Some years before this project, my teachers taught me to reflect each week. Two pages tops. So I would write someone’s epigram at the top of the page like scripture (or a burning bush), and start to argue with it (as Moses did). The voices would come from somewhere, and I would write them down.
I didn’t know, when I opened the closet door, what would come out. Or what commotion it would make. Or what furniture it would knock over. Or how, in the end, it would adhere to the page. What I did know (after six decades of perfectionism) was that I must give it a long leash, because it was a holy terror, and if I tried to hold it close one of us would die.
No no, said my colleagues, a practice of writing is not a practice of prayer, that’s not what we’re talking about. Sitting at your keyboard and inputting words is not the act of reverence that you need. You need a discipline of surrender and submission.
I didn’t think that they were right.
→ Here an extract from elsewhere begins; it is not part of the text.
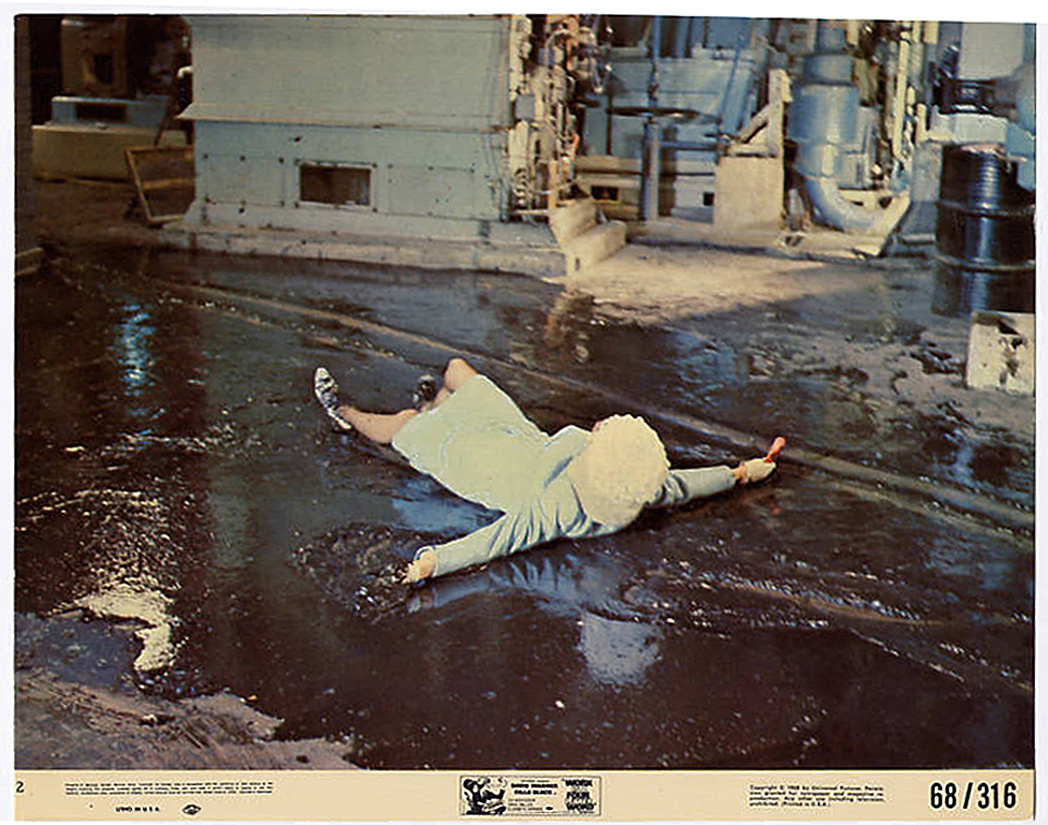 Work Is a Four Letter Word (1968) Screenshot 4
And I didn’t think that I was wrong. Now I know why they so mistook me, why they thought I was holding on exactly when I was letting go.
There are some experiences that can’t be explained to those who haven’t had them. I can’t explain to someone who is not a performer (and I can’t explain it even to some performers) that the act of standing on a stage is not about myself but about everything else. A writer can’t explain to those who are not writers that writing is leaping off a cliff.
Everyone in my social location knows how to write things, but writing feels differently according to whether it is its own purpose or a means to something else. If you use writing for some other purpose, then writing is a struggle to master language and make it mean something; but if your writing is its own purpose, then writing is submission to powers that, when they declare themselves, cannot be understood.
I found that when I opened the closet door, the beast would come out. Sometimes purring, sometimes ravening, for what, I could not tell – not until I had transcribed the notes. I knew the pitches and the phrasing, the tempo and dynamics, how many words there were before the comma, what consonants and vowel sounds were in the words, before the words appeared. And so, by the light of his eyes, the beast would teach me what I meant to say.
This paper – note the metaphor! though you see my words in a technological conceit that looks a bit like parchment – was trodden by my visitor and bears his prints. I’ve filled in the blanks, turned on a lamp or two, but not too much I hope, for Blake knew the Tyger burns brightest in the dark.
If you can still see the Tyger, I don’t care if some of the furniture got ruined. Writing ain’t for sissies.
The visitor helps me to stay sane. If that’s what I am. He’s still behind the door. I can hear him.